Etheridge v. Marion A. Daniels & Sons, Inc.

Order, Supreme Court, Bronx County (John A. Barone, J.), entered December 22, 2011, which denied defendants’ motion for summary judgment dismissing the complaint, unanimously reversed, on the law, without costs, and the motion granted. The Clerk is directed to enter judgment dismissing the complaint.

Defendants established prima facie that they had no notice of the alleged slippery condition of the painted ramp or driveway on which plaintiff slipped while helping to move a casket into a garage (see Gordon v American Museum of Natural History, 67 *437NY2d 836 [1986]). They also established, via their expert engineer’s affidavit, that the ramp did not violate any applicable building codes or industry standards.

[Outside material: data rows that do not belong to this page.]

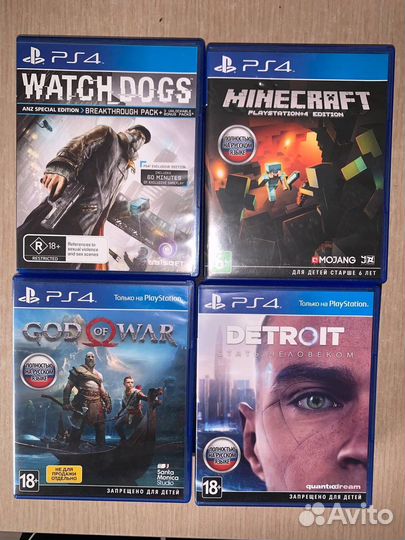 Sony playstation 4 500gb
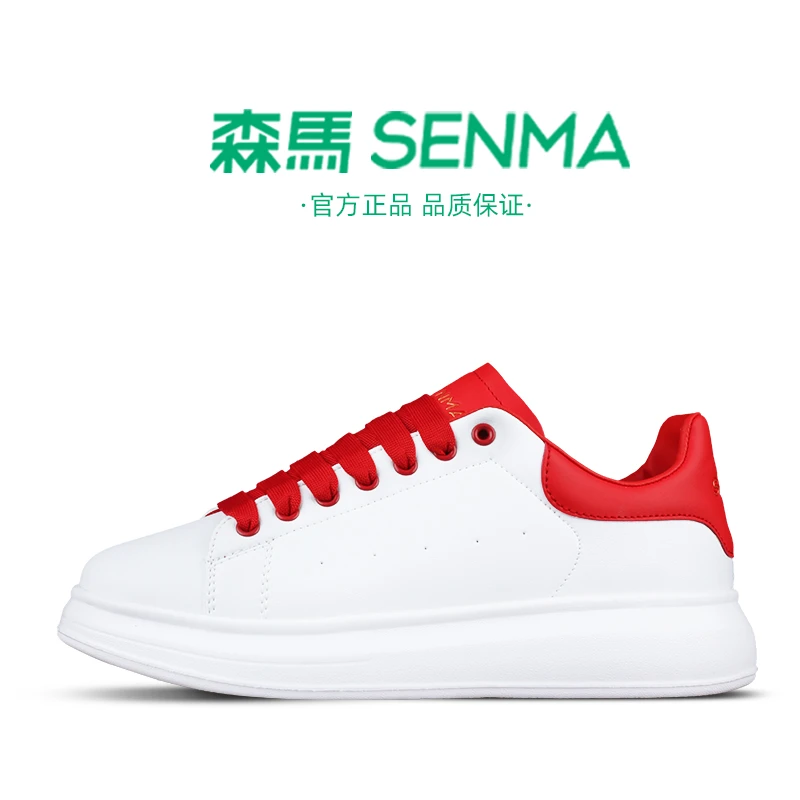 SENMA/森马【白红色】时尚低帮小白鞋男女款厚底板鞋潮流情侣运动鞋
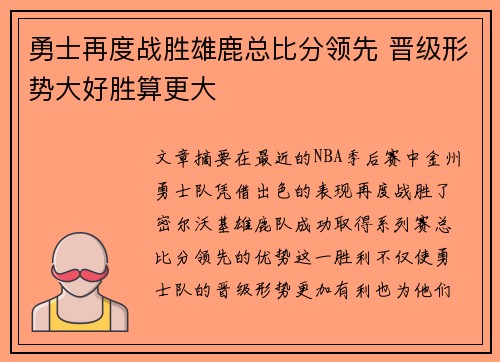 勇士再度战胜雄鹿总比分领先 晋级形势大好胜算更大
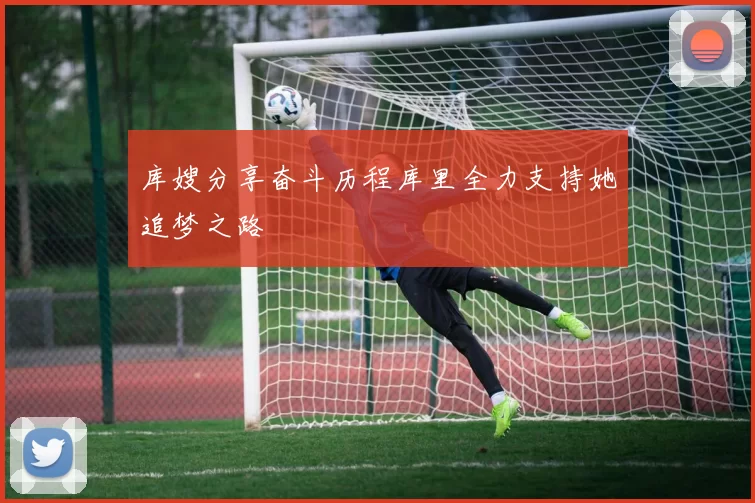 库嫂分享奋斗历程库里全力支持她追梦之路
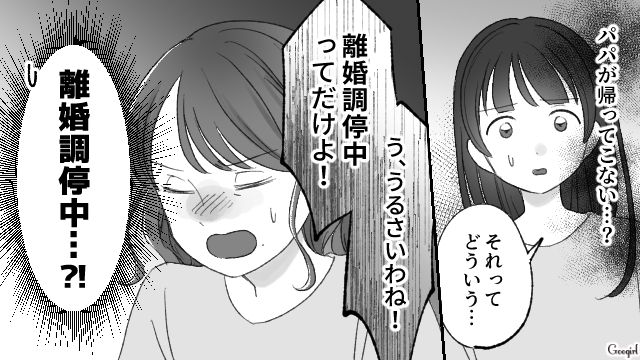 「そんなんだからパパが帰ってこなくなるんだよ」人の夫を狙う身勝手なママ友に下った、実の娘からの強烈な一撃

In opposition, plaintiff failed to raise an issue of fact. She presented no evidence that defendants had notice of the allegedly slippery condition of the ramp. As to building code violations, plaintiffs expert cited code provisions that were inapplicable to the ramp, which was not an “exit” from the combined buildings (see Administrative Code of City of NY §§ 27-377 [ramps], 27-375 [interior stairs], 27-376 [exterior stairs]; Remes v 513 W. 26th Realty, LLC, 73 AD3d 665 [2010]). Her expert also failed to support his opinion “by nonconclusory reference to specific, currently applicable safety standards or practices” (see Contreras v Zabar’s, 293 AD2d 362 [2002]; Hotaling v City of New York, 55 AD3d 396, 398 [2008], affd 12 NY3d 862 [2009]; Jones v City of New York, 32 AD3d 706 [2006]). Concur — Gonzalez, P.J., Friedman, Renwick, Manzanet-Daniels and Roman, JJ.